Is it just a case of WOWO with it? Imagine you could wax your car very quickly with it.


----------



## WHIZZER (Oct 25, 2005)

It is a spray wax and yes it is a WOWO and its quick to use


----------



## Rich (Oct 26, 2005)

I used this on the Clio at the weekend, fantastic product. Will be ideal for use after a wash when its cold out in the winter. Its so easy to use it does not seem possible.

The car had Wolfgang and Souveran/Nattys Blue/Souveran on before washing, I didnt really have time to but another coat of paste wax on, but OCW can be applied to the whole car in minutes.


----------



## AndyC (Oct 25, 2005)

Just to remember to "shake the bottle, wake the wax"  and yes, it's every bit as good as the rave reviews at Autopia. Managed to get about 25 odd cars out of my bottle and deciding whether to order a gallon of the stuff right now as it goes!
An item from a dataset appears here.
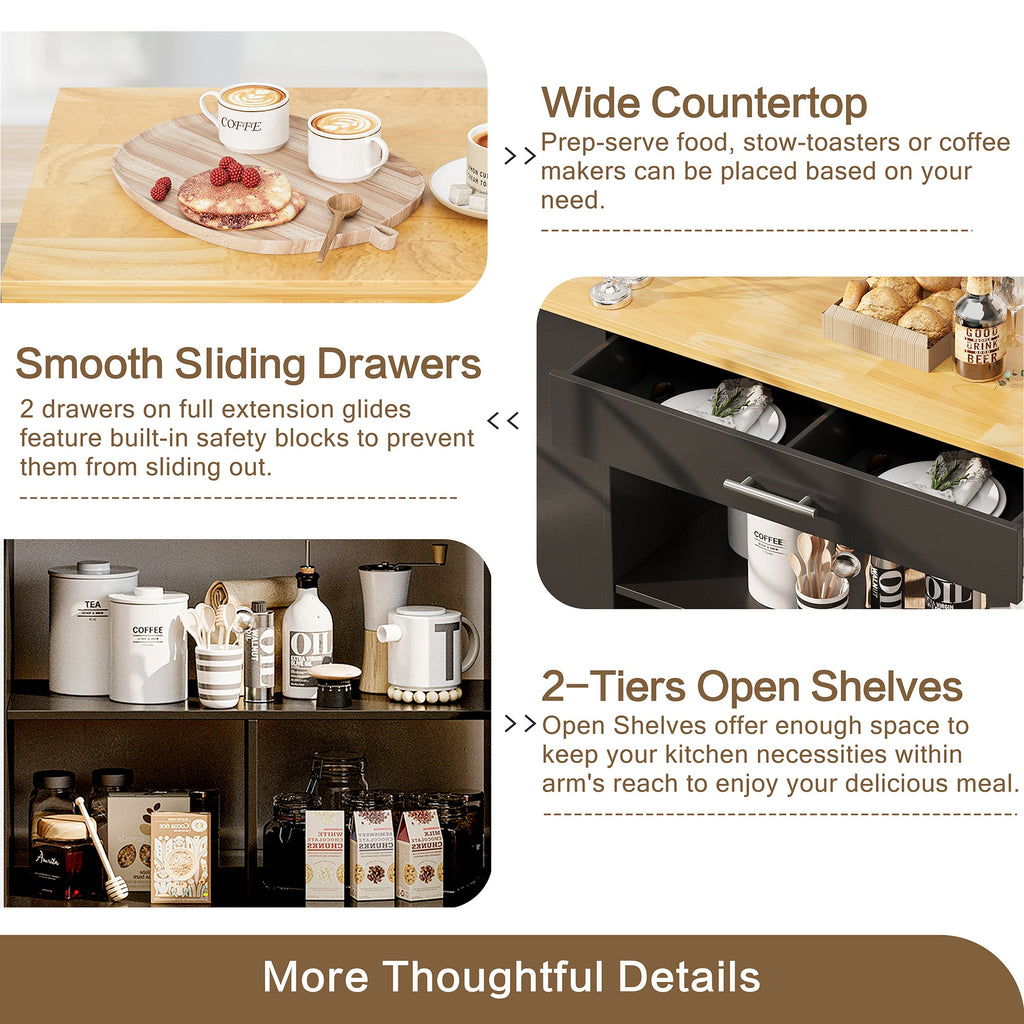 Walsunny Kitchen Island on Wheels with Storage Cabinet, Rolling Cart Kitchen Storage Organizer with/3 Side Spice Rack, 2 Tier Open Shelf for Kitchen (7404396511408)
Bill - glad you're liking it mate - I aim to please Sir


----------



## WHIZZER (Oct 25, 2005)

andy speak to john


----------



## Peter D (Oct 26, 2005)

Yeah, great stuff!
Probably going to order a gallon - works out so much cheaper.


----------



## Suasexed (Oct 25, 2005)

OCW is my next product on my list to try. Sounds so easy to use, it's unbelievable. Will most likely use the OCW over the winter months when it's too cold to spend hours apply layer after layer of declious wax!


----------



## Rich (Oct 26, 2005)

Yeah a Gallon is required next time I think!


----------



## Racer (Oct 27, 2005)

It works great and under a Carnauba wax its just insane, try under nattys blue


----------



## Mattieuk (Oct 26, 2005)

Is there any UK supplier for this product?


----------



## Guest (Oct 27, 2005)

WHIZZER said:


> If you havent then try optimum wax . great product and easy to use


where sells it in the UK?


----------



## Rich (Oct 26, 2005)

Ron @ Motorgeek does chaps.


----------



## Brazo (Oct 27, 2005)

I do really like OCW but it seems too easy, its easy to use, lasts a good while and produces brillinat results but it just seems wrong lol! 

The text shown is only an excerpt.